Task item
Although the entries contain pictures, only their text goes into the copy, set down exactly.

Data to process
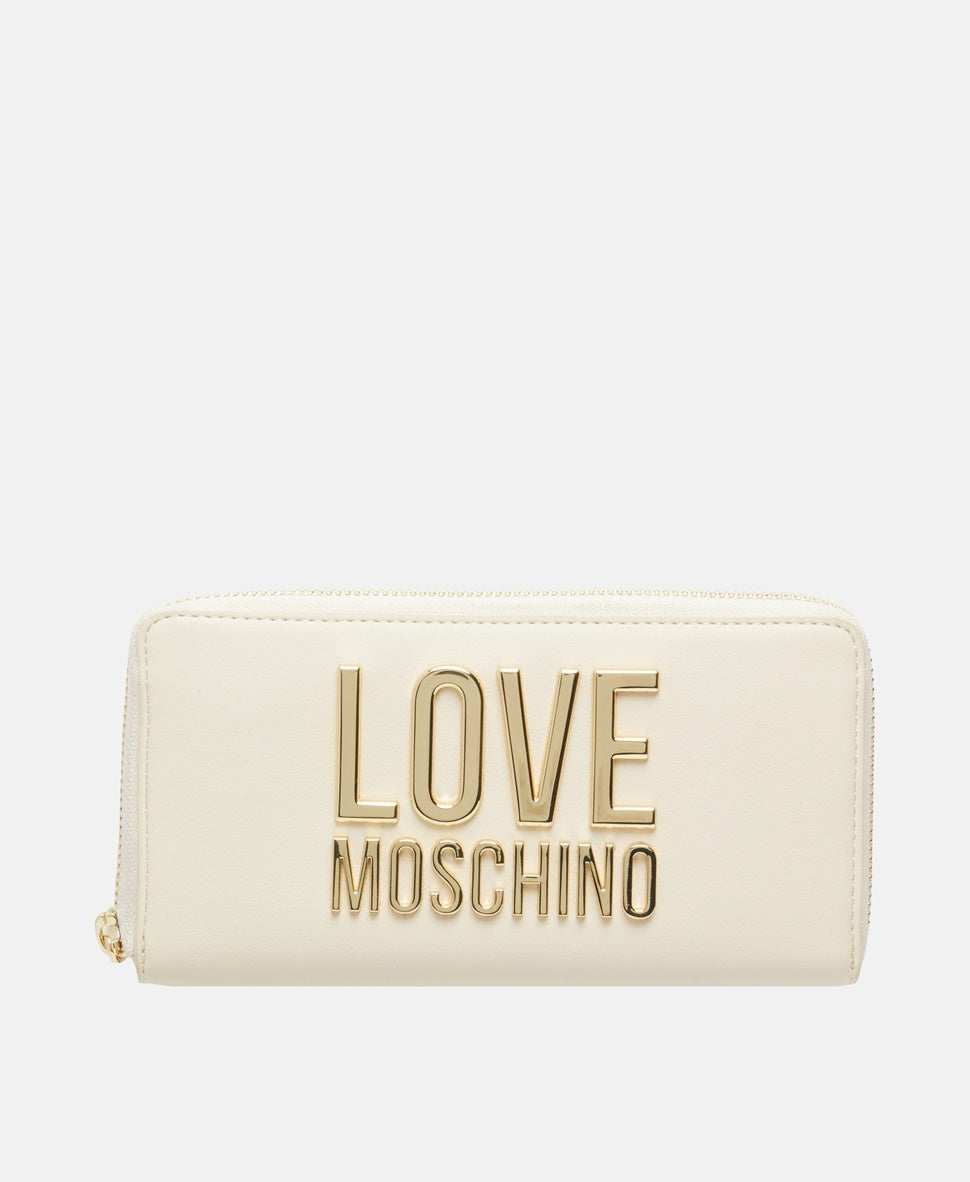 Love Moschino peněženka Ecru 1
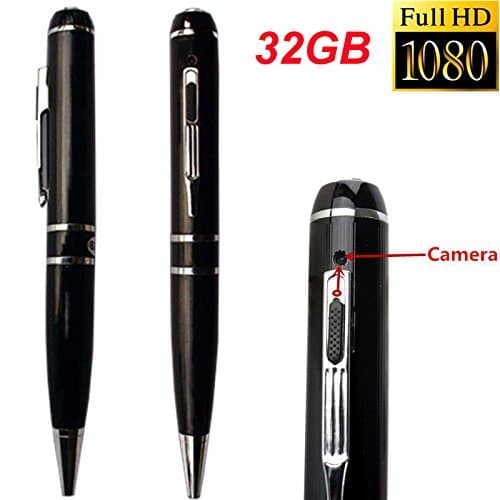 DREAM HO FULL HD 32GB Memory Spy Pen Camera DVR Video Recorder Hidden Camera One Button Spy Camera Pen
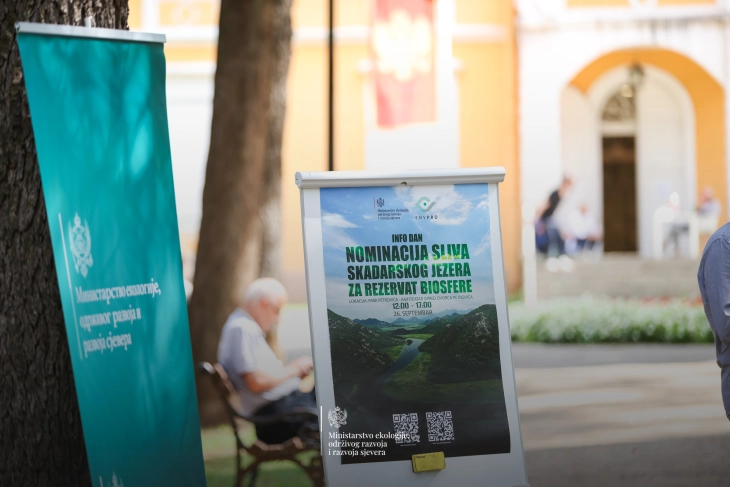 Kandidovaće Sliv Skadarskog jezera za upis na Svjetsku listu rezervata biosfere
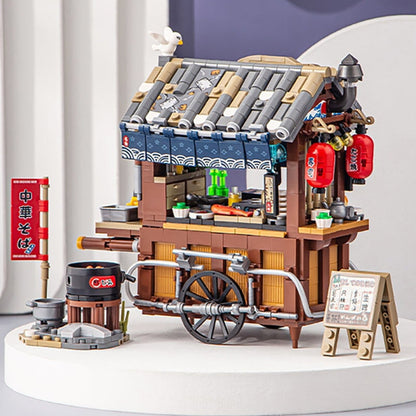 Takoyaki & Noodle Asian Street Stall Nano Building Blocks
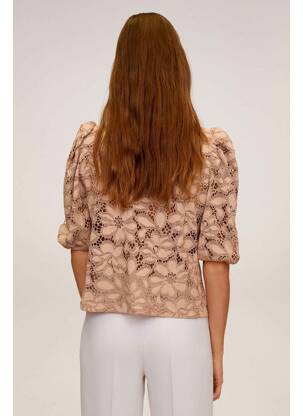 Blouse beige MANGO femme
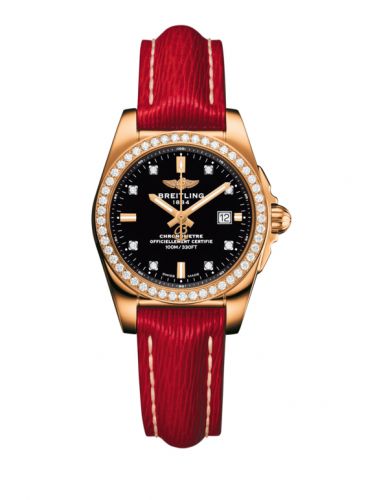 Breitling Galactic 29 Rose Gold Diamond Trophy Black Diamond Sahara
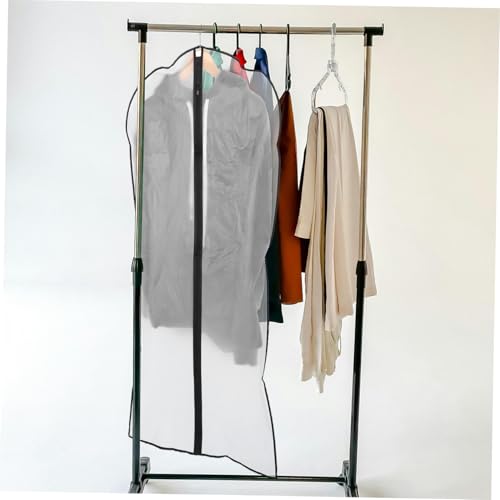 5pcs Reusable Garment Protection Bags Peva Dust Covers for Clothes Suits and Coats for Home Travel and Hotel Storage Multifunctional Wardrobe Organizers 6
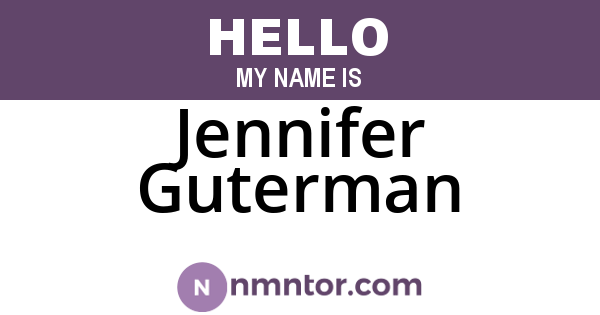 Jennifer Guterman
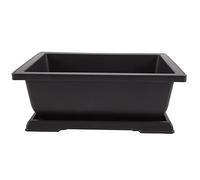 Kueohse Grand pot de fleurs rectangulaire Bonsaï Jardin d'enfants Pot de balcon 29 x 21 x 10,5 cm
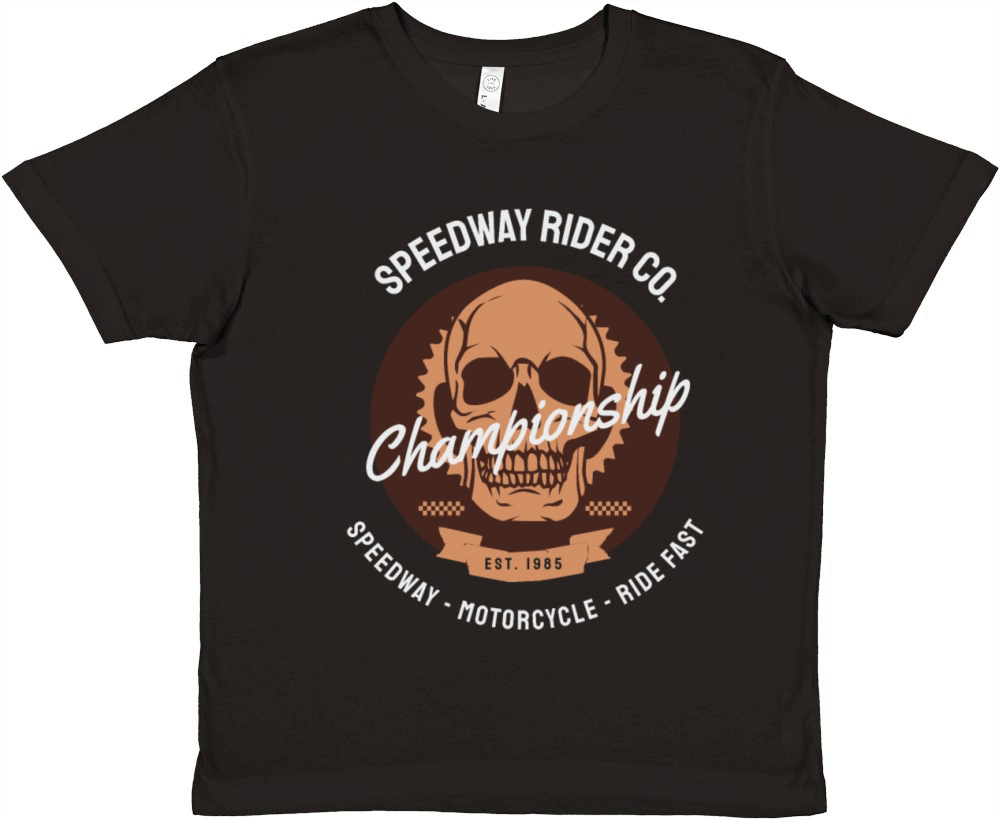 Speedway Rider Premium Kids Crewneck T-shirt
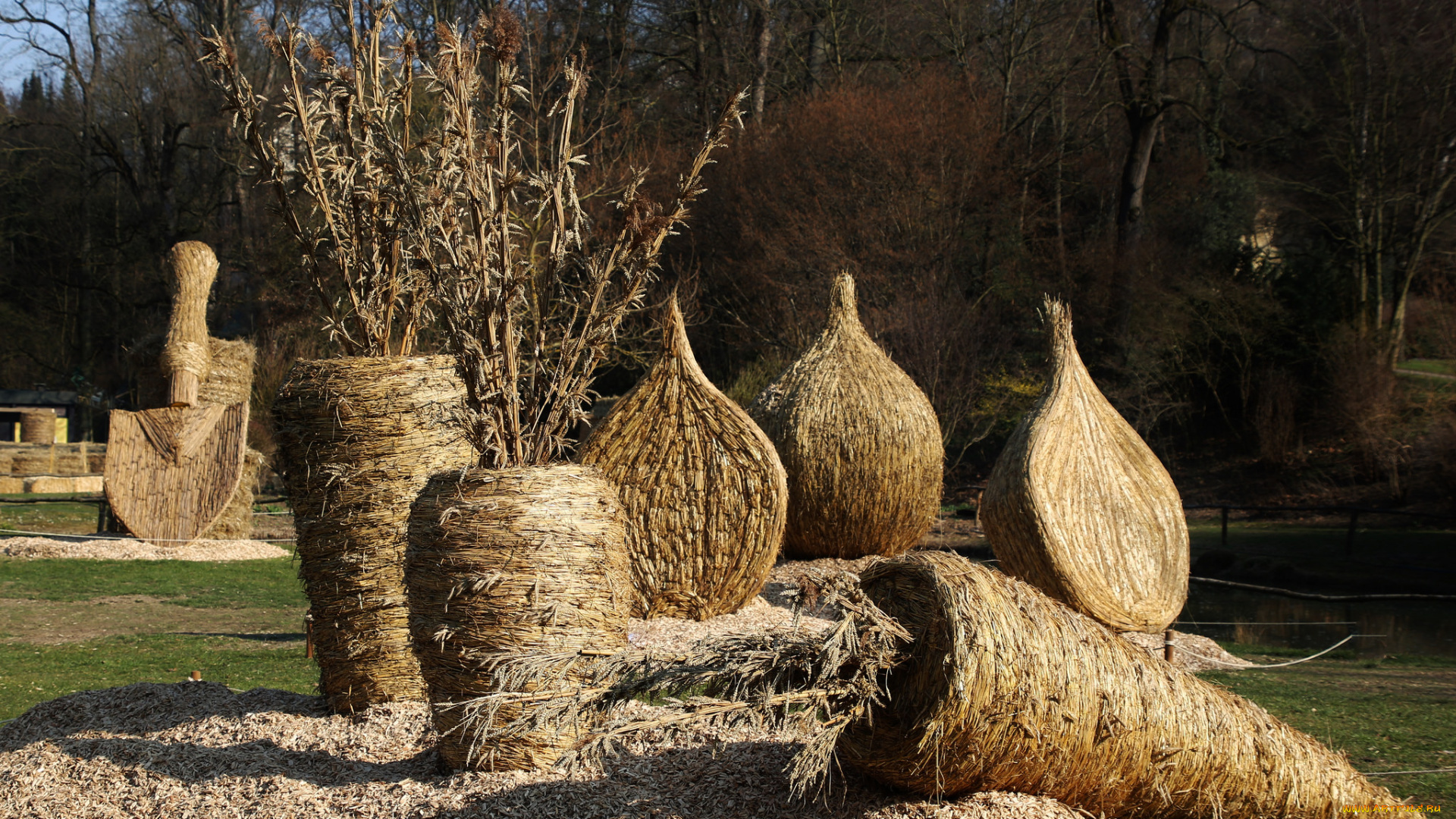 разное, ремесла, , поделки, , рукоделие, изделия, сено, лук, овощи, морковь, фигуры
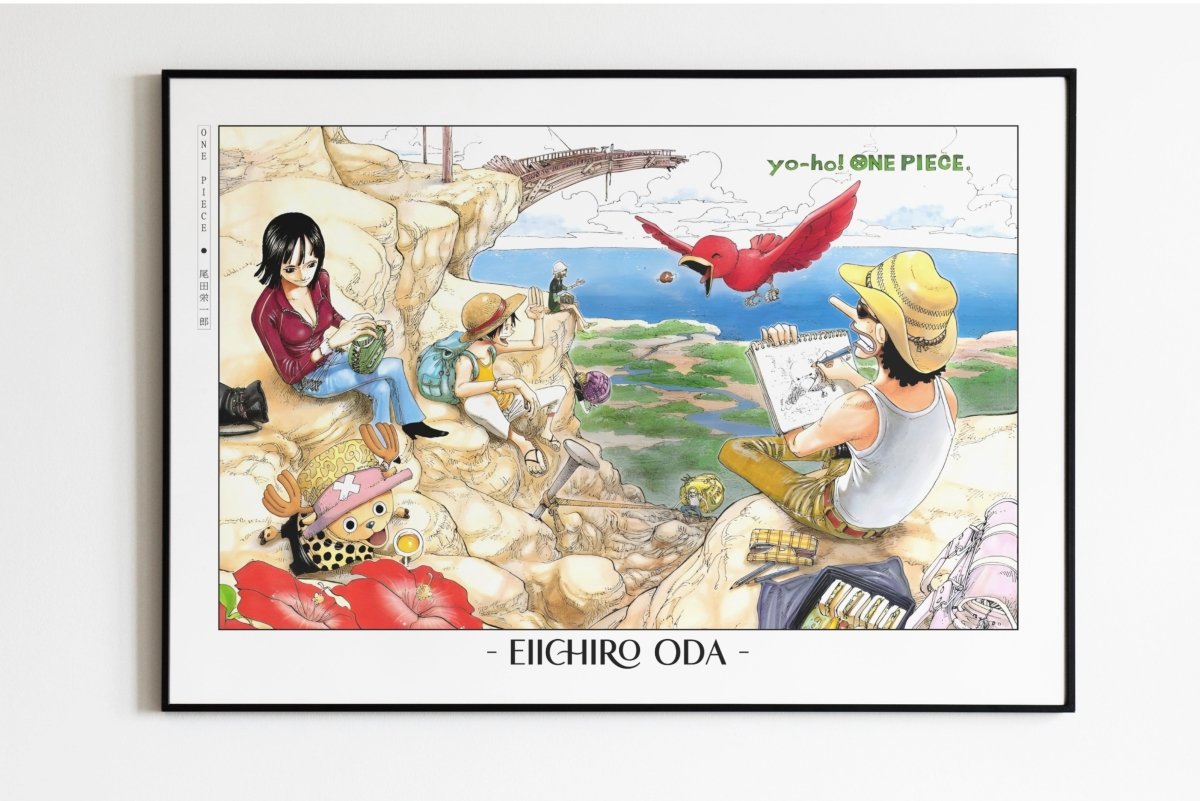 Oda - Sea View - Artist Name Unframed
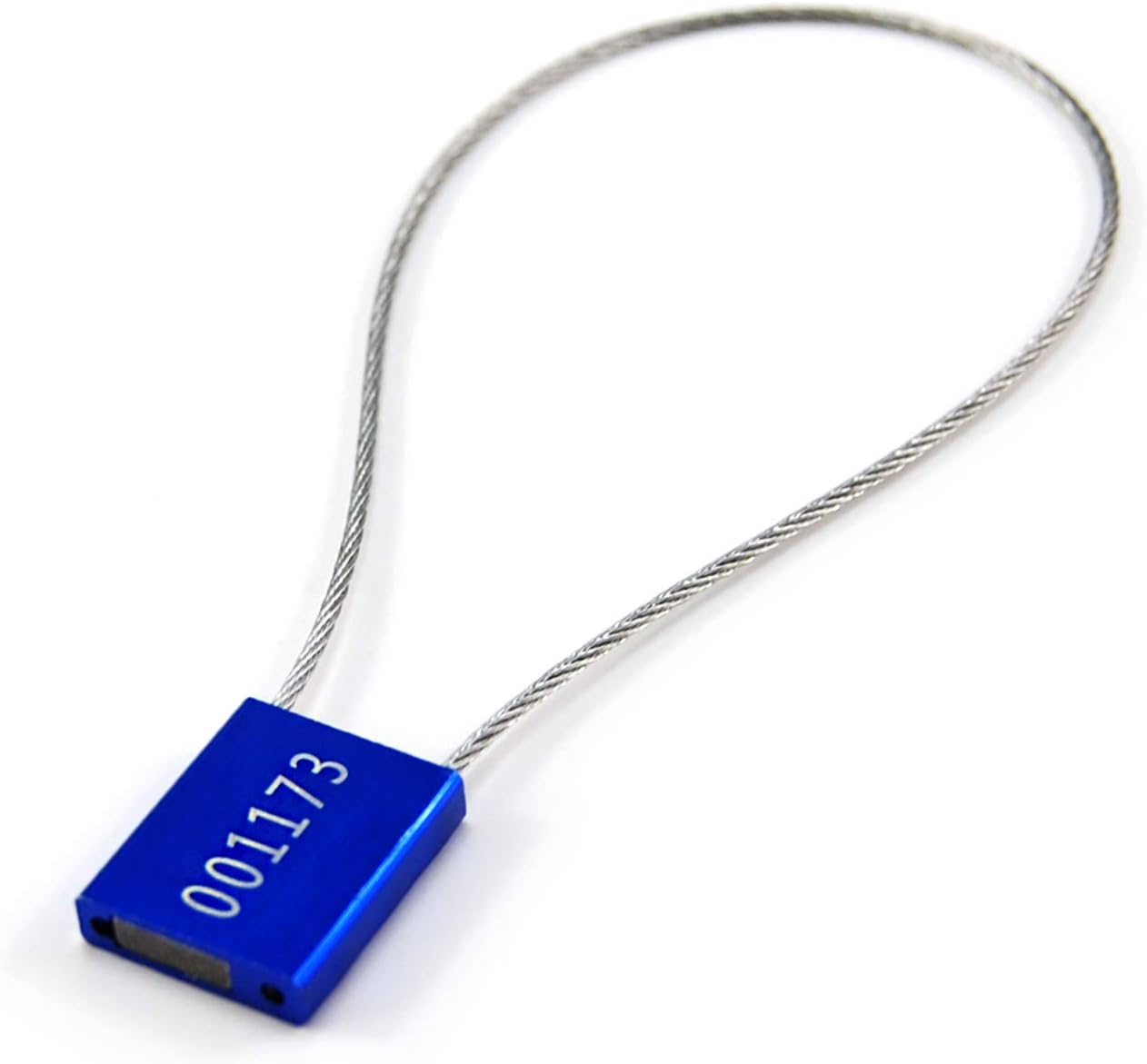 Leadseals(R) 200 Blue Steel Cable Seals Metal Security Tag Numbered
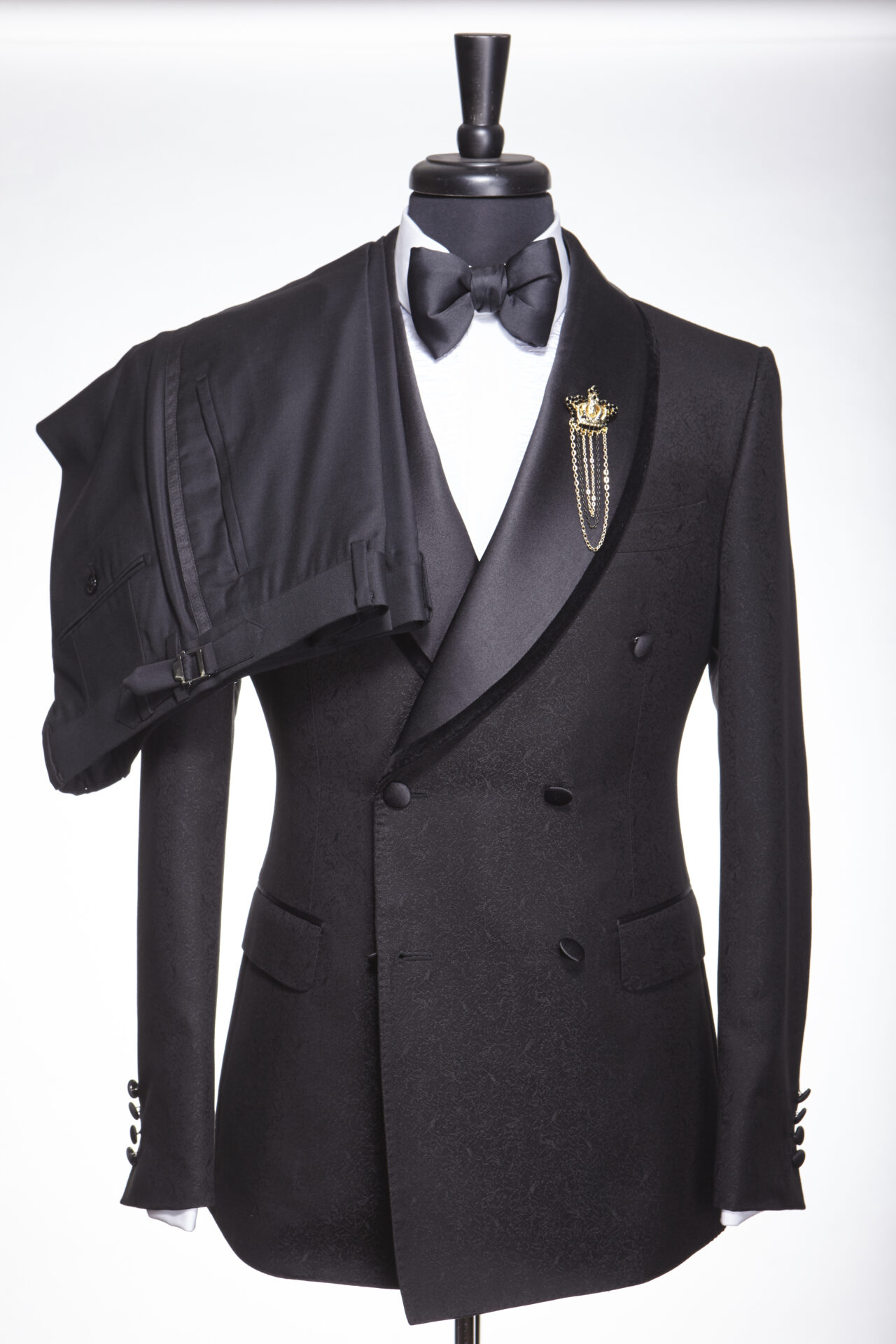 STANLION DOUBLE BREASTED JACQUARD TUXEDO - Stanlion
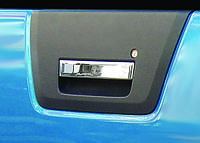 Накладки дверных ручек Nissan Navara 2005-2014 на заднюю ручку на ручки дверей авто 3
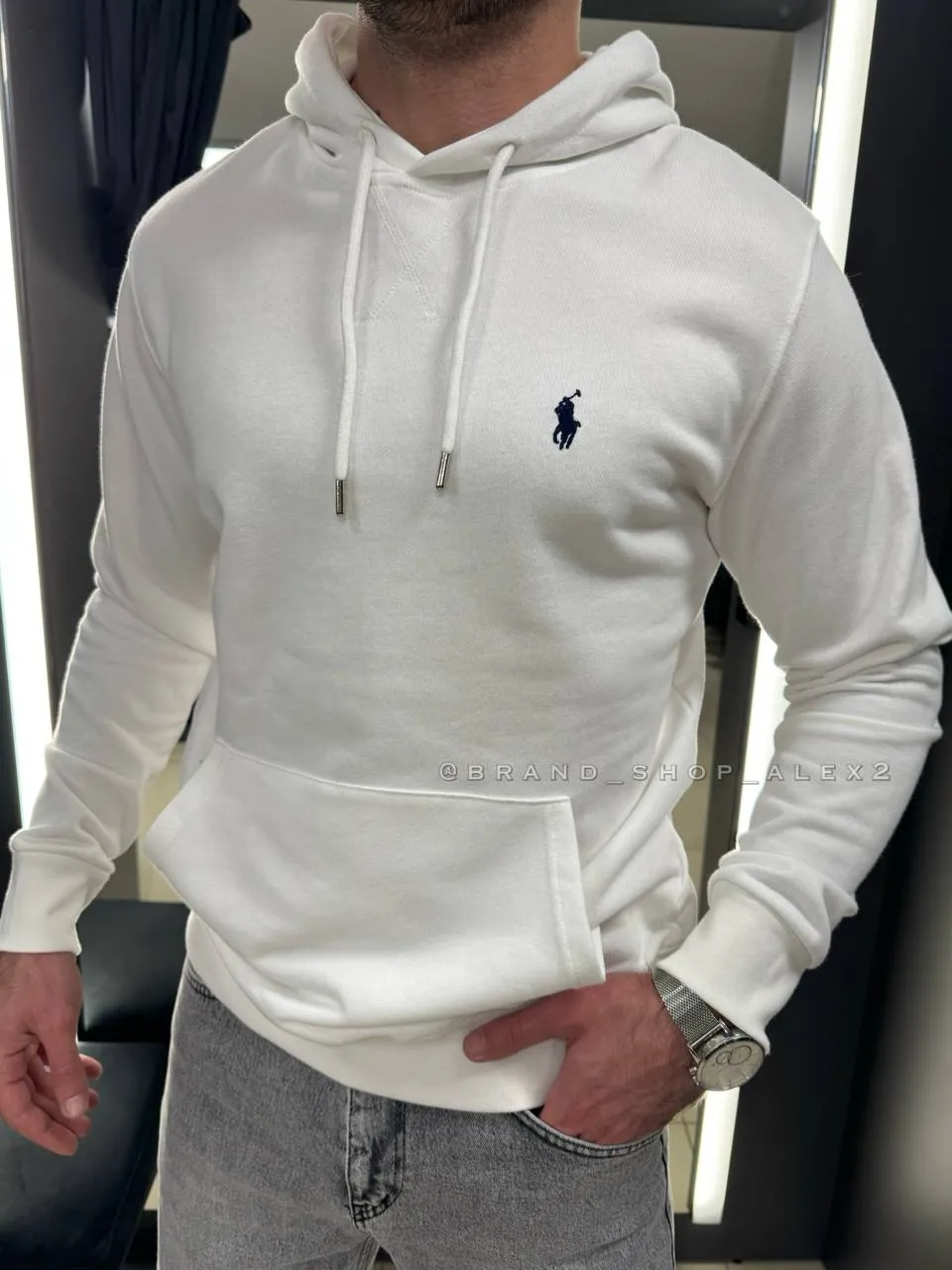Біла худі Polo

Answer section
 Love Moschino peněženka Ecru 1
 DREAM HO FULL HD 32GB Memory Spy Pen Camera DVR Video Recorder Hidden Camera One Button Spy Camera Pen
 Kandidovaće Sliv Skadarskog jezera za upis na Svjetsku listu rezervata biosfere
 Takoyaki & Noodle Asian Street Stall Nano Building Blocks
 Blouse beige MANGO femme
 Breitling Galactic 29 Rose Gold Diamond Trophy Black Diamond Sahara
 5pcs Reusable Garment Protection Bags Peva Dust Covers for Clothes Suits and Coats for Home Travel and Hotel Storage Multifunctional Wardrobe Organizers 6
 Jennifer Guterman
 Kueohse Grand pot de fleurs rectangulaire Bonsaï Jardin d'enfants Pot de balcon 29 x 21 x 10,5 cm
 Speedway Rider Premium Kids Crewneck T-shirt
 разное, ремесла, , поделки, , рукоделие, изделия, сено, лук, овощи, морковь, фигуры
 Oda - Sea View - Artist Name Unframed
 Leadseals(R) 200 Blue Steel Cable Seals Metal Security Tag Numbered
 STANLION DOUBLE BREASTED JACQUARD TUXEDO - Stanlion
 Накладки дверных ручек Nissan Navara 2005-2014 на заднюю ручку на ручки дверей авто 3
Біла худі Polo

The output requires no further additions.